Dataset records
----

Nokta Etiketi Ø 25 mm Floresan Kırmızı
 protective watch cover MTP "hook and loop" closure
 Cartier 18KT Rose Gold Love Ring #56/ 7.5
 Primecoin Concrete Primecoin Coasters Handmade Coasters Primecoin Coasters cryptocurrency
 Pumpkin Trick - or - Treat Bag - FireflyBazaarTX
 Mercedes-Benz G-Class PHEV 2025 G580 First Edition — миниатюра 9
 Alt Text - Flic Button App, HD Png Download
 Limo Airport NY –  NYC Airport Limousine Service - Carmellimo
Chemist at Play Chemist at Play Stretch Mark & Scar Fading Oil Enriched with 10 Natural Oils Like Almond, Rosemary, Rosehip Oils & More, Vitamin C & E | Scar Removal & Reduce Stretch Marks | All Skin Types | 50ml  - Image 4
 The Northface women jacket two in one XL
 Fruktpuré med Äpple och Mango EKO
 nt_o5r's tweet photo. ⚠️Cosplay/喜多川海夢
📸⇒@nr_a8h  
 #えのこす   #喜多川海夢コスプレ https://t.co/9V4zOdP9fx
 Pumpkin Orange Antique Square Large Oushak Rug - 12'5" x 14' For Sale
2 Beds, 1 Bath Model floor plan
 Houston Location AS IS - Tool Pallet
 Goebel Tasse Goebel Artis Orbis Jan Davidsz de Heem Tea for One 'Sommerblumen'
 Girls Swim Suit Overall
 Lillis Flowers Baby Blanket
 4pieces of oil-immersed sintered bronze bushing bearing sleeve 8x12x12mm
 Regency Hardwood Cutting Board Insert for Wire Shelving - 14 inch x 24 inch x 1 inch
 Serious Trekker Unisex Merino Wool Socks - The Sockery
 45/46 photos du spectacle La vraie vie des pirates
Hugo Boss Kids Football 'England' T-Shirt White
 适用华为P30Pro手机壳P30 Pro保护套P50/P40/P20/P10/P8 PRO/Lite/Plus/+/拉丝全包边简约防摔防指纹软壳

----

TASK DESCRIPTION: Every line from the one containing "Serious Trekker Unisex" through the final line of the data above is to be restated word for word, and nothing more.

EXERCISE RESULT:
 Serious Trekker Unisex Merino Wool Socks - The Sockery
 45/46 photos du spectacle La vraie vie des pirates
Hugo Boss Kids Football 'England' T-Shirt White
 适用华为P30Pro手机壳P30 Pro保护套P50/P40/P20/P10/P8 PRO/Lite/Plus/+/拉丝全包边简约防摔防指纹软壳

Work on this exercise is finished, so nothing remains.